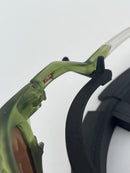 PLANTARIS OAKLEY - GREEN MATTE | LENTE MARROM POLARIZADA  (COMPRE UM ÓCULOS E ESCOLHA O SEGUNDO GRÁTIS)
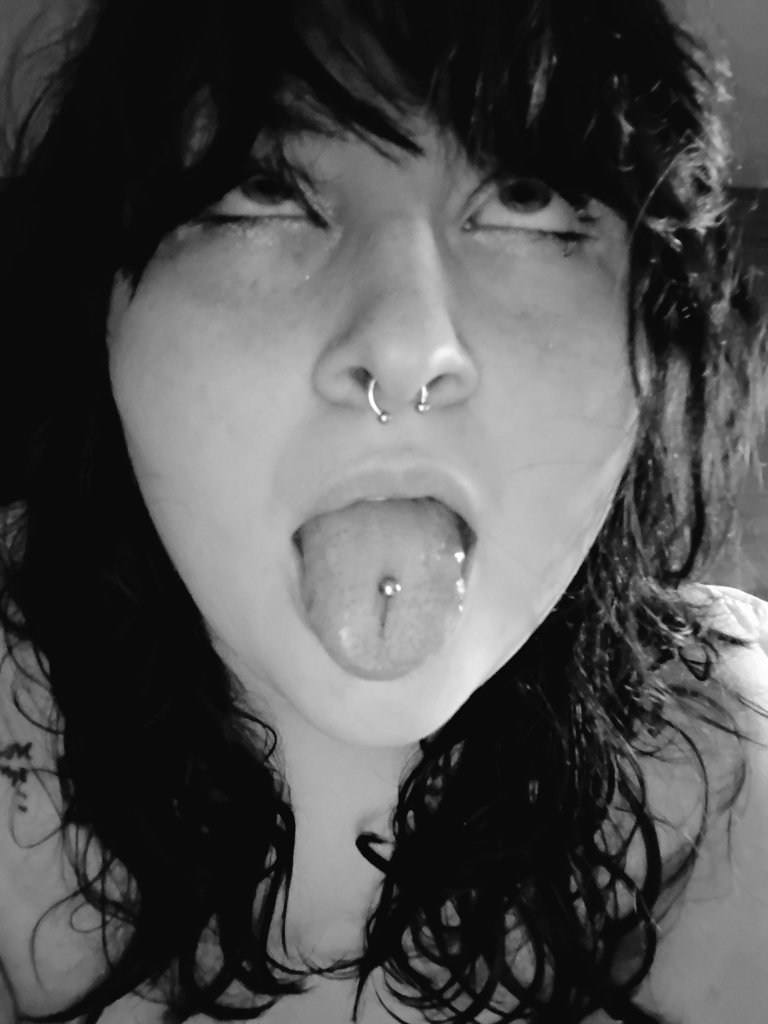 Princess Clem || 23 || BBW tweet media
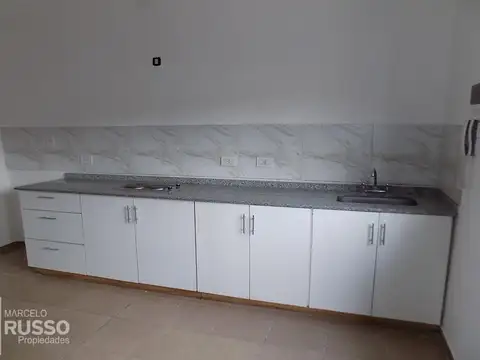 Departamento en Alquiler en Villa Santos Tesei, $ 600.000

### Goal of the exercise
The required output is every line from the one containing "Princess Clem || 23 || BBW tweet media" through the last line of the data above, restated exactly and without pictures.

### Result
 Princess Clem || 23 || BBW tweet media
 Departamento en Alquiler en Villa Santos Tesei, $ 600.000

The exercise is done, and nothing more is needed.